The touristy beaches in Costa Rica have hotels positioned just steps from the shore offering jet ski rides, massages, fishing trips, and snorkeling tours. While relaxing on the sand, vendors offer refreshing cold coconuts and small bags of cashews.
Women walk past selling jewelry; beautiful handmade necklaces made out of shells and sea glass. A popular bracelet has “Pura Vida” woven into it. A simple message to stay happier, keep laughing, and that life is best lived when each day counts. It’s a reminder that you once sat on a beach in Costa Rica and tossed your worries out to sea. The bracelet is less of a souvenir, and more of a shield providing protection from this busy world. It’s a cheerful coat of arms.
Some days I enjoy watching the tourists. It’s fun living in a place with happy people frolicking about. But most times I head to more secluded beaches, and one of my favorites is Playa Penca, a gem tucked away in the tiny town of Potrero. It’s a forgotten, left turn that people don’t notice. But it’s those forgotten left turns that always lead you to the best places.
I’m here at dawn and sit in the middle of the beach. It’s a selfish position where I get a one-hundred-and-eighty-degree view of my surroundings. It’s in this spot that I feel the thunder of the waves rumble beneath me. I pretend I’m big here. I pretend I’m the captain of this ship.

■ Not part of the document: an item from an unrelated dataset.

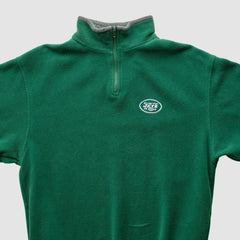 New York Jets Majestic 2000s 1/4 Zip Sweatshirt Green Vintage - Fanatics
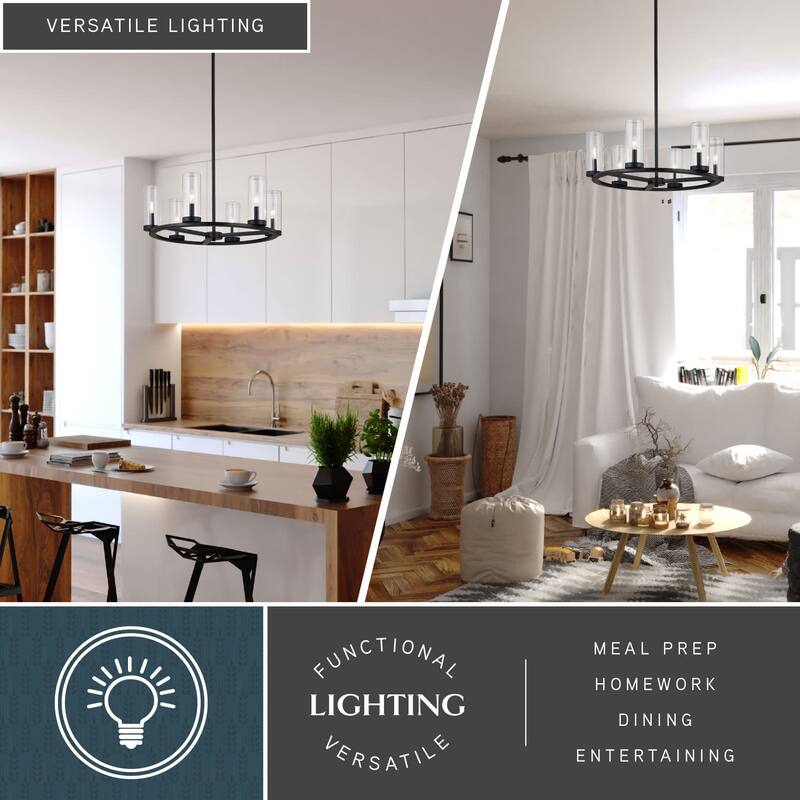 Vaxcel Lighting H0290 Grantley 6 Light 26" Wide Ring Chandelier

I dig my hands into the beach and pull up two handfuls of sand, still cool from the night before. I squeeze as the grains spill between my fingers, tiny pieces of sea life that have eroded over many years, unrecognizable exoskeletons from another time. I’m resting on sandcastles from the past.
The sun creeps up behind me, casting a honey web of light across the white caps. I like this time of day: the in-between time, a short moment when night recoils and sunshine breaks out like a cat in a paper bag.
A breeze brushes sand across my face, surprising me with the same sensation I had as a child playing on the Jersey shore with my sister. We dug until sand became marooned inside our ears, under our nails, and made us as dirty as coal miners. I can still hear my mother calling for us to get out of the cold Atlantic Ocean. But we never would. We would wade in those waves until my lips turned blue.
Some memories are so strong and happy that I wish I could capture the scent in a flower. Rob could fill the garden with them. I’d arrange bouquets throughout my house so that every room would smell of happy memories.
I stare out at the horizon and feel as if I can see the entire world. But in actuality, the distance is only 2.7 miles. I could walk straight out to this curve of the earth and never reach it. It’s an illusion. The horizon will always move further away. If I climbed the tallest peak, I could see farther, but the higher I climb, the less oxygen is available. I’ll see more, but I’ll also struggle to breathe. The summit may not always be the safest place for me.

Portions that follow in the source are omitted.